5. Summer schools can also provide additional experiences and activities, such as arts or sporting activities. This might be valuable in and of themselves or be used to increase engagement alongside academic support.
On average, evidence suggests that pupils who attend a summer school make approximately three additional months’ progress compared to similar pupils who do not attend a summer school.
Greater impact can be achieved when summer schools are intensive, well-resourced, and involve small group or one to one teaching by trained and experienced teachers. It does appear to be an advantage to have teachers who are known to the pupils (typically +4 months overall). In contrast, summer schools without a clear academic component are not usually associated with learning gains, though they may have other benefits.
There is limited data on the provision of summer schools on the African continent. After conducting a systematic search, no studies were found or reported on summer school or holiday classes in Sub-Saharan Africa (SSA) and or Middle Africa.
Although there are fewer studies for secondary school pupils, the impact is similar for both primary and secondary age pupils.
Effects tend to be higher for literacy (three months’ additional progress) than mathematics (two months’ additional progress). There is very limited evidence for other subjects, such as science, where positive effects have been found.
The evidence indicates that more intensive teaching approaches, such as small group and one-to-one, are more effective (+5 months).
Summer schools impact academic outcomes through providing additional time over the summer that leads to additional learning. This additional learning time may also be targeted to pupils that have struggled in particular areas of the curriculum. Schools implementing the approach should therefore consider:
Ensuring that there is additional learning time in key subjects.
Ensuring that target pupils get access to the additional time by attending and successfully participating in the summer school.
Including appropriately targeted additional support within summer schools.
Liaising with feeder primary schools for summer schools targeting the transition.

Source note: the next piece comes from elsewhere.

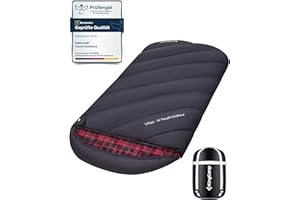 ‎KINGCAMP KingCamp Schlafsack XXL Baumwolle Flanell für Erwachsene, Übergröße Warm Deckenschlafsack Winter für Camping Reisen und Aktivitäten Outdoor im 4-Jahreszeiten, 220x100cm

Summer schools may also include other enrichment and engagement activities such as arts and sports activities or educational visits. These can be an important component for maintaining engagement in an academically targeted summer school or an important activity in and of themselves, if the summer school has broader goals.
Summer schools are typically delivered over two or three weeks. Some studies have examined longer summer school programmes of up to six weeks, though these are unusual and some have found particular issues with maintaining attendance. Schools may choose to provide programmes immediately after the end of the summer term, during the summer break, or immediately prior to the start of the new school year.
The costs of summer schools within SSA are likely to be very low given that fees paid for summer classes during the holiday period is not high. In addition, the frequency at school is much lower than at regular school times. Not all school facilities are used hence, remuneration for summer school-teachers and maintenance are much lower.Summer schools will require a large amount of staff time, compared with other approaches. Summer schools may be delivered by a mix of teachers, pastoral and support staff, external providers (such as literacy charities or sports groups) or volunteers.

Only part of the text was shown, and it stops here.